__Work to be completed__
Starting at the top of the entries below, print each line exactly until the line with "Guess Palm Trees" has been printed too.

* * *

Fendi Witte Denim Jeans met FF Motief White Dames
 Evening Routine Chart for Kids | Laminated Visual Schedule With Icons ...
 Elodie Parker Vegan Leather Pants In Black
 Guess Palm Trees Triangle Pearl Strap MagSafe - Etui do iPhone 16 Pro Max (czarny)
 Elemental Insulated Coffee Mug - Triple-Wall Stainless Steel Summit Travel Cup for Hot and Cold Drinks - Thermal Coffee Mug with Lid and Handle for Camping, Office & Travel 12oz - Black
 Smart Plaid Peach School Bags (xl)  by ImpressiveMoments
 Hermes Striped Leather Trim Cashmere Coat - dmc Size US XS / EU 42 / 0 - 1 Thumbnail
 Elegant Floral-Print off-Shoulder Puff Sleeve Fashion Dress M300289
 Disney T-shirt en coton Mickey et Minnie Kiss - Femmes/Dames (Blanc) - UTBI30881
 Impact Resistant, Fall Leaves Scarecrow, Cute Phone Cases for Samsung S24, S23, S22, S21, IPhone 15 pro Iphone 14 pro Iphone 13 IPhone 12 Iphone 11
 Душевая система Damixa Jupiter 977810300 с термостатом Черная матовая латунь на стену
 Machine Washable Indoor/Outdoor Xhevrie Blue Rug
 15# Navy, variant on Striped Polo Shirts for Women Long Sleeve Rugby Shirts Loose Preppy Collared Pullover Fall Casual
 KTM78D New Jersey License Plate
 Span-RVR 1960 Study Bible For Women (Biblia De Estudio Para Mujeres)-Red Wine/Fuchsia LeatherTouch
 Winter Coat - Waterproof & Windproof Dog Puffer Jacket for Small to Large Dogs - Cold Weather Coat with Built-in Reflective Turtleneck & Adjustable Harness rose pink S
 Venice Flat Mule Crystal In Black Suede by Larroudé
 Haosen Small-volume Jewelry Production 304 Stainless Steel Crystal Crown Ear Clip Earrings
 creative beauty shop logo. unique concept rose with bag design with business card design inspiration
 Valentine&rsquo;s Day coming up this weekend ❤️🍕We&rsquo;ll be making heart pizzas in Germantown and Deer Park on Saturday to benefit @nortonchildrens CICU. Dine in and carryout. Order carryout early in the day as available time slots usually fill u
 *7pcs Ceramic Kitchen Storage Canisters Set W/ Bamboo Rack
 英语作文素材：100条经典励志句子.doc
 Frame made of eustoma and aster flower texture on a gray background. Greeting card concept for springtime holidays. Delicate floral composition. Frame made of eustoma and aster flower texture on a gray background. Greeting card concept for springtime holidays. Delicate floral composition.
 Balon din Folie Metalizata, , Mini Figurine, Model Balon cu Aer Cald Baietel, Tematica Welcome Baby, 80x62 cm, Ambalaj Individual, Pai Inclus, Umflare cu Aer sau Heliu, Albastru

* * *

__Solution for this exercise__
Fendi Witte Denim Jeans met FF Motief White Dames
 Evening Routine Chart for Kids | Laminated Visual Schedule With Icons ...
 Elodie Parker Vegan Leather Pants In Black
 Guess Palm Trees Triangle Pearl Strap MagSafe - Etui do iPhone 16 Pro Max (czarny)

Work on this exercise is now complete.